* _WHAT THE TASK ASKS_: Pictures stay out; print the rest of the listing below exactly as it stands.
INFORMATION SUPPLIED START
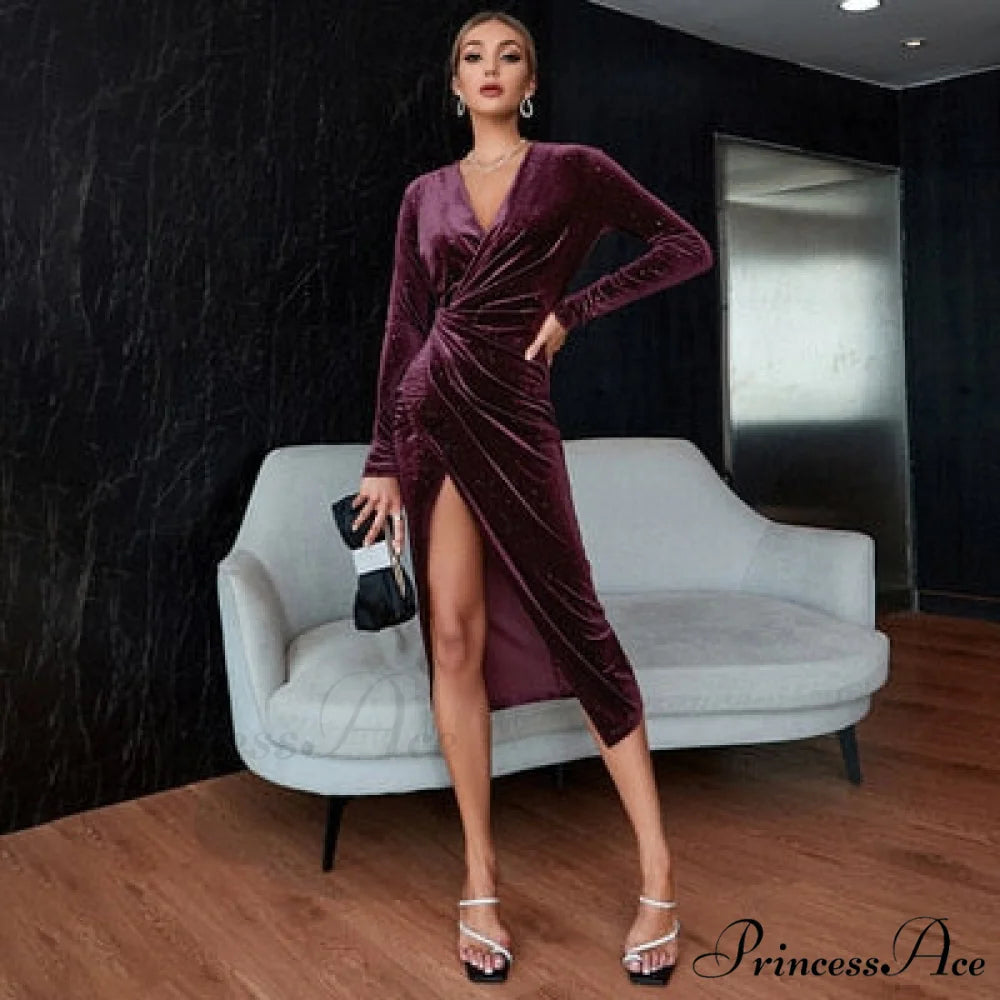 French V-Neck Long Sleeve Velvet Dresses Wine / S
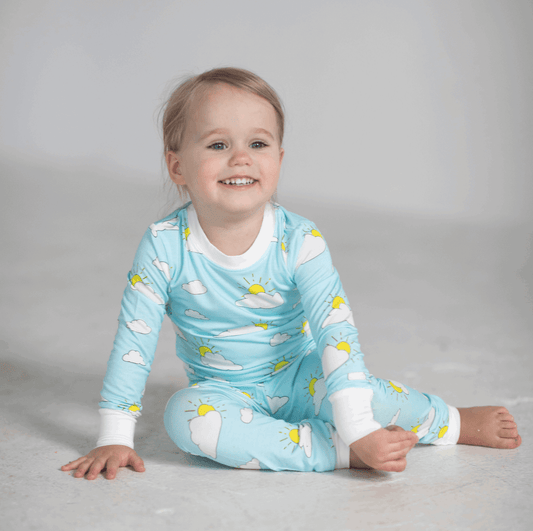 Partly Cloudy Two-Piece Bamboo Pajamas - Peregrine Kidswear - 2 Piece Pajamas - 12-18M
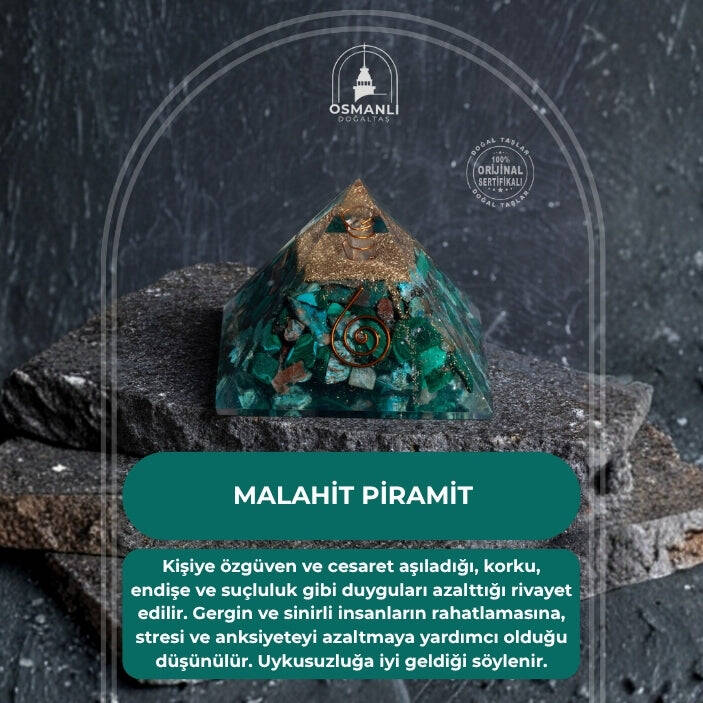 Sertifikalı Malahit Piramit - 2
INFORMATION SUPPLIED END
* _COMPLETED EXERCISE_:
 French V-Neck Long Sleeve Velvet Dresses Wine / S
 Partly Cloudy Two-Piece Bamboo Pajamas - Peregrine Kidswear - 2 Piece Pajamas - 12-18M
 Sertifikalı Malahit Piramit - 2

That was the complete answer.